Sri Lanka annual demand expected to grow 7%

Sri Lanka annual demand expected to grow 7%
16 June 2010


Sri Lanka’s cement demand is expected to grow between six and seven per cent in 2010 driven by reconstruction demand from former war-torn areas, a top Sri Lankan cement maker said.
 
"We feel that coupled with the increase in reconstruction in the North and the East cement demand will grow by 6-7 per cent this year."
 
Holcim is the island’s only integrated cement maker, which produces cement from limestone and it also has a grinding plant.
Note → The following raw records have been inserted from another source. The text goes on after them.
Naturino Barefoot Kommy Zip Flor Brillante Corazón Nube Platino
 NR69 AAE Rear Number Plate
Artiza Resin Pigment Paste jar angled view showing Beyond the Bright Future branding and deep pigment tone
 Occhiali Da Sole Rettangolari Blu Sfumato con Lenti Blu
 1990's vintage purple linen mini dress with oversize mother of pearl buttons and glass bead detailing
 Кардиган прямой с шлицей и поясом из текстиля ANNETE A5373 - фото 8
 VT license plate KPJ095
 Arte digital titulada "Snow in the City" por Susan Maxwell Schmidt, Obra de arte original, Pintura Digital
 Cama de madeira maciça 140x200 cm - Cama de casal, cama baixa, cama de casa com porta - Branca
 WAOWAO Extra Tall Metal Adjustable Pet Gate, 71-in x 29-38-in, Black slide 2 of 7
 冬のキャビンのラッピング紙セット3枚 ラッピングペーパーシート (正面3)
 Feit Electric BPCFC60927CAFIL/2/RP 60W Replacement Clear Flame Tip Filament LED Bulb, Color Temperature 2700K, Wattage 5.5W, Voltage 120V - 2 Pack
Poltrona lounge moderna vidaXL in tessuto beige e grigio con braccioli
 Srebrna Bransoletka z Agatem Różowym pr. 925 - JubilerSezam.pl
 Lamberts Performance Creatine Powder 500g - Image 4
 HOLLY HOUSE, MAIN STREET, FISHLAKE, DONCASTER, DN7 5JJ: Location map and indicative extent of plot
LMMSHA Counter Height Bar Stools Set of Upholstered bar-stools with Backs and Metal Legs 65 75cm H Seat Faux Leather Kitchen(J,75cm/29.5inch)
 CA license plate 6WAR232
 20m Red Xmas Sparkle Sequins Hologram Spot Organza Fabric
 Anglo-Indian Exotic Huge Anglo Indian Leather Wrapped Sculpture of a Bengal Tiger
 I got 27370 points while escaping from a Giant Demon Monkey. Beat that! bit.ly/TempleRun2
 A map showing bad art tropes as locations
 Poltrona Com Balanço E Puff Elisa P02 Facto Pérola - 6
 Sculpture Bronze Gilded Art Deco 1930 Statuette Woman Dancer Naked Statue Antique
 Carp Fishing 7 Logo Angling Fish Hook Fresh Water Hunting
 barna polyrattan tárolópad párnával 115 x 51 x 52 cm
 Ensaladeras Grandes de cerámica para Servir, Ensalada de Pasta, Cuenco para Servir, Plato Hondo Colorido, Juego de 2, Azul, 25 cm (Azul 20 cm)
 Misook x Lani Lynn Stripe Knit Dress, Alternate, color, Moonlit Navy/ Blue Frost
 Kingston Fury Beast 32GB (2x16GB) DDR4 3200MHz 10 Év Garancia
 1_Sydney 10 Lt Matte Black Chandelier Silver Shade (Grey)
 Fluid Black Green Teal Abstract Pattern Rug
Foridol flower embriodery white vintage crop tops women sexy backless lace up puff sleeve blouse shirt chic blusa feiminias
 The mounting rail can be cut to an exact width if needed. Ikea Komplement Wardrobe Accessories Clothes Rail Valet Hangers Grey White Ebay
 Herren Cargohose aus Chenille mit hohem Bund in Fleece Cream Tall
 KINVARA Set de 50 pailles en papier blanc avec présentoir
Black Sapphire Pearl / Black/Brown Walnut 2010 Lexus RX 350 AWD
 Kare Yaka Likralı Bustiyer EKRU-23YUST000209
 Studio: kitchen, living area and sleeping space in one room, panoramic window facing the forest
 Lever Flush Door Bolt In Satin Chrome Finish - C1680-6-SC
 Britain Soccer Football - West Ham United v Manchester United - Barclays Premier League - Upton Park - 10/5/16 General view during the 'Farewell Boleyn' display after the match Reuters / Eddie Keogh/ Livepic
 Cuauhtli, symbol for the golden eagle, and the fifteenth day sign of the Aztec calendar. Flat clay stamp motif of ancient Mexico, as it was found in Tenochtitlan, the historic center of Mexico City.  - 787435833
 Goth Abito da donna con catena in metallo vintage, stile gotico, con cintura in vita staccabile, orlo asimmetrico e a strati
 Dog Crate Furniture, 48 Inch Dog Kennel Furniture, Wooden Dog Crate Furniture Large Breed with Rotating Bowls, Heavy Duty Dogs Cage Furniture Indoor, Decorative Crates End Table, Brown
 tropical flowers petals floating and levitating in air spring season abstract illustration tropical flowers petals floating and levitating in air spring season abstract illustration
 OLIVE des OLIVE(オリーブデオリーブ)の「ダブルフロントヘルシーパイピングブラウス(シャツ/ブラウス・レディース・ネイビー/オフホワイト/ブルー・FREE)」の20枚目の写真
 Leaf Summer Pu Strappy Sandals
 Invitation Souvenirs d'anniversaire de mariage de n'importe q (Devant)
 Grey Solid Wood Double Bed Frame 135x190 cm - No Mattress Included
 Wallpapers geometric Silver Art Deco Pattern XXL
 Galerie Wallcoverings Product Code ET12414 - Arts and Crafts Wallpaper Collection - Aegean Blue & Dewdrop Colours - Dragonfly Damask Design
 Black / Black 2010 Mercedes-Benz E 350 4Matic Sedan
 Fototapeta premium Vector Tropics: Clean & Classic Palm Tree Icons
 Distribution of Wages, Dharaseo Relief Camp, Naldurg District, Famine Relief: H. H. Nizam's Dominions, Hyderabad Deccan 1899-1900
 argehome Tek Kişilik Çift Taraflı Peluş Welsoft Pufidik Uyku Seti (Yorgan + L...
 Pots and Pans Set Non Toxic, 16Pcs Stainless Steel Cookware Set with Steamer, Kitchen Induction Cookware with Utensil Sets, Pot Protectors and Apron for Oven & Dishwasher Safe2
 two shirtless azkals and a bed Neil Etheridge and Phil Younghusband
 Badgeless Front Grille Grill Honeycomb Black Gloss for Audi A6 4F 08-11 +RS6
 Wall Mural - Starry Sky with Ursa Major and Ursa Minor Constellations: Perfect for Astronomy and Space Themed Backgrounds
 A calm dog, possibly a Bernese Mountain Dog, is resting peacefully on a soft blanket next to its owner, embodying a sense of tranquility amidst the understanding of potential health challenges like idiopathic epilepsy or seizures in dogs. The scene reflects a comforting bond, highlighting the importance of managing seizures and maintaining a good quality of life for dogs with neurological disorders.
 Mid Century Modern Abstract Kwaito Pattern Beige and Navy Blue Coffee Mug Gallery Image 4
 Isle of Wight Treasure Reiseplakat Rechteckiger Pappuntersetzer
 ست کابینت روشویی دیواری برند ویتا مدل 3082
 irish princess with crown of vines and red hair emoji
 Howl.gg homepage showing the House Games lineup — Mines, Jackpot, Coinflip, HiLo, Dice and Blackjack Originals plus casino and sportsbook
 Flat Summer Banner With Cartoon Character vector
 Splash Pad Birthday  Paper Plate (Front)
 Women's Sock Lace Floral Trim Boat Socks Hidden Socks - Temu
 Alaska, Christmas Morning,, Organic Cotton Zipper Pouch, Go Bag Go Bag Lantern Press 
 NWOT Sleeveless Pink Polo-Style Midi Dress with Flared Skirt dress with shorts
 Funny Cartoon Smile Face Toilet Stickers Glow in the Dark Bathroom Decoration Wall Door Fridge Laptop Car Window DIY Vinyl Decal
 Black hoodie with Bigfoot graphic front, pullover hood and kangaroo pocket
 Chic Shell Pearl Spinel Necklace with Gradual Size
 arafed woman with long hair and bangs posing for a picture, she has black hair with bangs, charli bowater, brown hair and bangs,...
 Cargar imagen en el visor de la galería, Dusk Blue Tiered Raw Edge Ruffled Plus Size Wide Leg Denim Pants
Tokyo Cement, a listed group operates several grinding plants.
 
A war in Sri Lanka’s northeast ended in May 2009, along with a balance of payments crisis, and interest rates have come down with the monetary authority ending contradictory policy.
 
Lower interest rates have also paved the way for a recovery in a burst housing bubble.
 
Official data showed that the cement market was growing by double digits in 2010.
 
In March local production grew 5.1 per cent to 143,000t, and imports rose 9.4 per cent to 326,000t from a year earlier.
 
"There is an increased demand from all areas of the country," Manilal Fernando, chairman of the Sri Lanka unit of Holcim, said. Data released by the Central Bank showed that in the first quarter of 2010 local cement production grew 10.6 per cent to 417,000t and imports grew 12.5 per cent to 486,000t from a year earlier.